For example, 70 per cent of research in east Africa and 79 per cent in southern Africa was produced through non-SSA collaboration in 2012, said the report, issued by the World Bank and academic publisher Elsevier at a forum last month (30 September) in Washington DC, United States.
 
Its authors and other experts said that collaborating with researchers outside the continent promotes knowledge and equipment sharing, thereby yielding higher-quality research than without such cooperation.
 
But they argued that SSA researchers’ reliance on international collaboration highlights a lack of capacity in science, technology, engineering and mathematics (STEM) that impedes them from collaborating with each other.
 

“As Africa raises its scientific profile international researchers will be reaching to Africa for collaborations.”
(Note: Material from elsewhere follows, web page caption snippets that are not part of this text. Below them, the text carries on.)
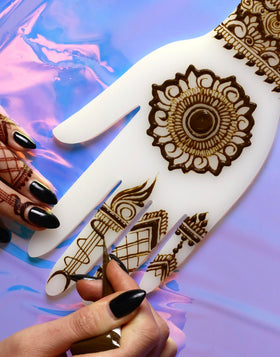 BeautyMehndi versatile-henna-tool supports practice with cones, stencils, and body art.
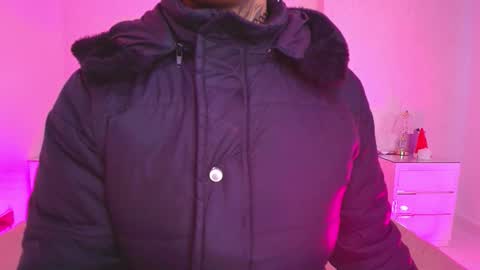 Snapshot of canela_osadaa_ chatting on 11-21-25, 11:53 Aura online show from 11-21-25, 11:53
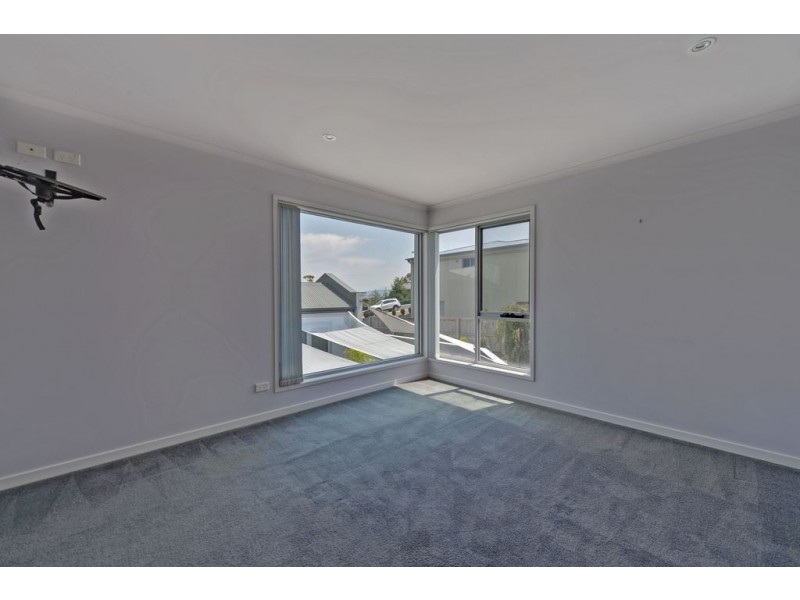 1/314 Carella Street, Tranmere TAS 7018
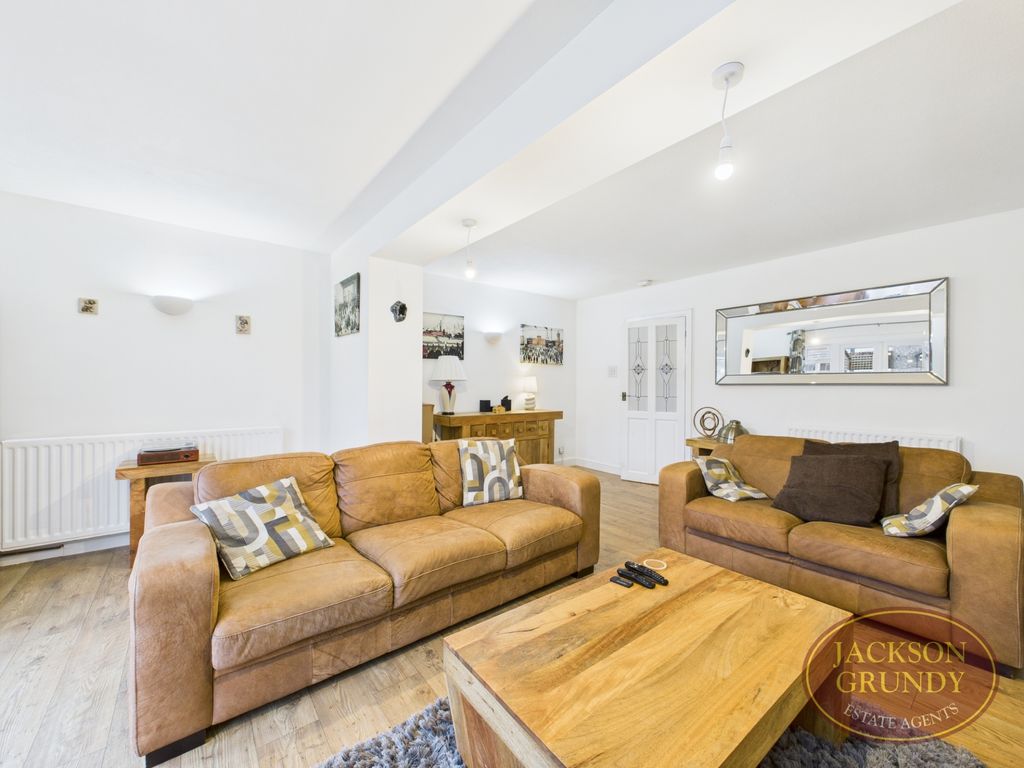 Property photo 2 of 19 Photo 13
Marilyn Pifer, CRDF Global

“That means very little knowledge sharing [within the continent], which I think is a missed opportunity,” says Andreas Blom, a report coauthor and World Bank economist.
 
Study authors and World Bank officials at the forum emphasised the need to boost STEM research capacity and training in Africa, by, for example, boosting funding and better links with industry, citing the development benefits. SSA research comprises less than one per cent of the global share, the report found.
 
Many SSA researchers often need to look abroad to collaborate because they lack the necessary equipment and facilities, said Marilyn Pifer, director of capacity-building programmes at CRDF Global, a US-based non-profit that promotes international scientific collaboration.
 
SSA universities need more funding — most of which should come from host national governments — to hire faculty and upgrade facilities, she said.
 
“Investing isn’t a guarantee of progress, but not investing is a guarantee of no progress,” she told SciDev.Net.
 
So-called centres of excellence — specialised regional research institutions — are another way to build collaborations and STEM capacity within Africa, Dorothy Nyambi, executive vice-president at the African Institute for Mathematical Sciences’ (AIMS) Next Einstein Initiative, told SciDev.Net.
 
AIMS already has five centres throughout Africa, she said. At these centres, Nyambi said, students and faculty members from across Africa can forge partnerships with other students and researchers on the continent.
 
In April, the World Bank approved US$150 million to finance 19 other centres in seven countries in West and Central Africa.
 
The report and experts also suggested research institutions should work with companies, which could invest in collaborative research. And they suggested more funding and policy incentives to get researchers to collaborate within Africa and to encourage African scientists who have gone abroad to return.
 
Pifer warned that increasing collaborations within Africa must avoid coming at the expense of international collaboration.
 
“As Africa raises its scientific profile … the more that Western and other international researchers will be reaching to Africa for collaborations,” she said.